FRAG: A Flexible Modular Framework for Retrieval-Augmented Generation based on Knowledge Graphs
Zengyi Gao, Yukun Cao, Hairu Wang, Ao Ke, Yuan Feng, Xike Xie, S Kevin Zhou
TL;DR
FRAG tackles LLM hallucinations by marrying modular KG-RAG flexibility with retrieval quality through a reasoning-aware hop-range estimator. It introduces a three-module architecture—Reasoning-aware, Flexible-retrieval, and Reasoning—that classifies queries as Simple or Complex, adapts retrieval by preprocessing subgraphs and choosing BFS or Dijkstra-based path searches, and then augments prompts with concise reasoning paths for LLM inference. The approach achieves state-of-the-art results among modular KG-RAG methods while avoiding KG-specific fine-tuning, offering substantial efficiency gains and broad applicability across LLM backbones.
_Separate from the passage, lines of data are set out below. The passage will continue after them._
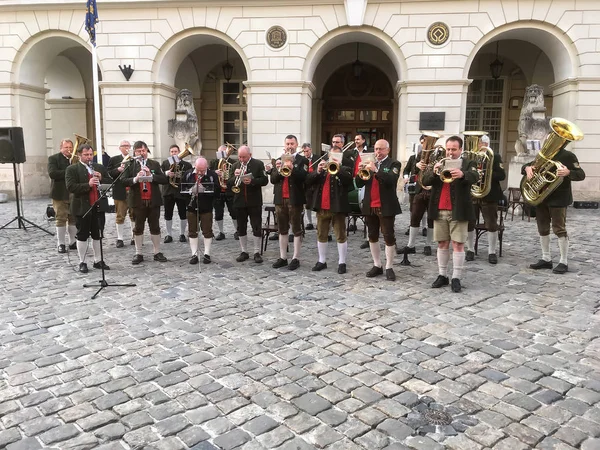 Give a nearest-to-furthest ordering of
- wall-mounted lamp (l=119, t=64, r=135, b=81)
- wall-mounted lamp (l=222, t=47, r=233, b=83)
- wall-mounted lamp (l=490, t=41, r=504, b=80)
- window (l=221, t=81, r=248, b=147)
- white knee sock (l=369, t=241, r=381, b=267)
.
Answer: white knee sock (l=369, t=241, r=381, b=267) < wall-mounted lamp (l=119, t=64, r=135, b=81) < wall-mounted lamp (l=490, t=41, r=504, b=80) < wall-mounted lamp (l=222, t=47, r=233, b=83) < window (l=221, t=81, r=248, b=147)

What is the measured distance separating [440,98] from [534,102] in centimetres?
261

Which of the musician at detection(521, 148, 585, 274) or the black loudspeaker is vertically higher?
the black loudspeaker

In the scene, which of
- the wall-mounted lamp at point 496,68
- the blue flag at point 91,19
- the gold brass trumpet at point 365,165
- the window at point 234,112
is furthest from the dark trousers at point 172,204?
the wall-mounted lamp at point 496,68

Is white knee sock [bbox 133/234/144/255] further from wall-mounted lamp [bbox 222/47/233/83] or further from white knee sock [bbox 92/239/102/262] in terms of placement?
wall-mounted lamp [bbox 222/47/233/83]

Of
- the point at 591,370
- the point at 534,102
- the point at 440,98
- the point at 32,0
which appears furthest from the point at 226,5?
the point at 591,370

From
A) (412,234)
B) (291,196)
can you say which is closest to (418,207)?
(412,234)

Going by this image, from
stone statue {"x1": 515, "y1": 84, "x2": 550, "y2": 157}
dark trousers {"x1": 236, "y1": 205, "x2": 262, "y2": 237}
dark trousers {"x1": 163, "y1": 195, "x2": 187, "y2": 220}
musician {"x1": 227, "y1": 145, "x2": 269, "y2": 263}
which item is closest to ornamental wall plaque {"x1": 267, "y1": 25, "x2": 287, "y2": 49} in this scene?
stone statue {"x1": 515, "y1": 84, "x2": 550, "y2": 157}

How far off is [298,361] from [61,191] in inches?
247

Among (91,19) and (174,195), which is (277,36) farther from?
(174,195)

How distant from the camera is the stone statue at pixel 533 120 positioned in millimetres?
13938

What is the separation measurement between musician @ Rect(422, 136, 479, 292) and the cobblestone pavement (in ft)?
1.43

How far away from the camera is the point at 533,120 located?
14016 mm

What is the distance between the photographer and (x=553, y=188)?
7.04m

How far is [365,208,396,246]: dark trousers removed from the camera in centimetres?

Overall, FRAG advances practical, scalable KG-RAG by leveraging query-driven structural cues to guide retrieval and reasoning, reducing resource use without sacrificing accuracy.
Abstract
To mitigate the hallucination and knowledge deficiency in large language models (LLMs), Knowledge Graph (KG)-based Retrieval-Augmented Generation (RAG) has shown promising potential by utilizing KGs as external resource to enhance LLMs reasoning. However, existing KG-RAG approaches struggle with a trade-off between flexibility and retrieval quality. Modular methods prioritize flexibility by avoiding the use of KG-fine-tuned models during retrieval, leading to fixed retrieval strategies and suboptimal retrieval quality. Conversely, coupled methods embed KG information within models to improve retrieval quality, but at the expense of flexibility. In this paper, we propose a novel flexible modular KG-RAG framework, termed FRAG, which synergizes the advantages of both approaches. FRAG estimates the hop range of reasoning paths based solely on the query and classify it as either simple or complex. To match the complexity of the query, tailored pipelines are applied to ensure efficient and accurate reasoning path retrieval, thus fostering the final reasoning process. By using the query text instead of the KG to infer the structural information of reasoning paths and employing adaptable retrieval strategies, FRAG improves retrieval quality while maintaining flexibility. Moreover, FRAG does not require extra LLMs fine-tuning or calls, significantly boosting efficiency and conserving resources. Extensive experiments show that FRAG achieves state-of-the-art performance with high efficiency and low resource consumption.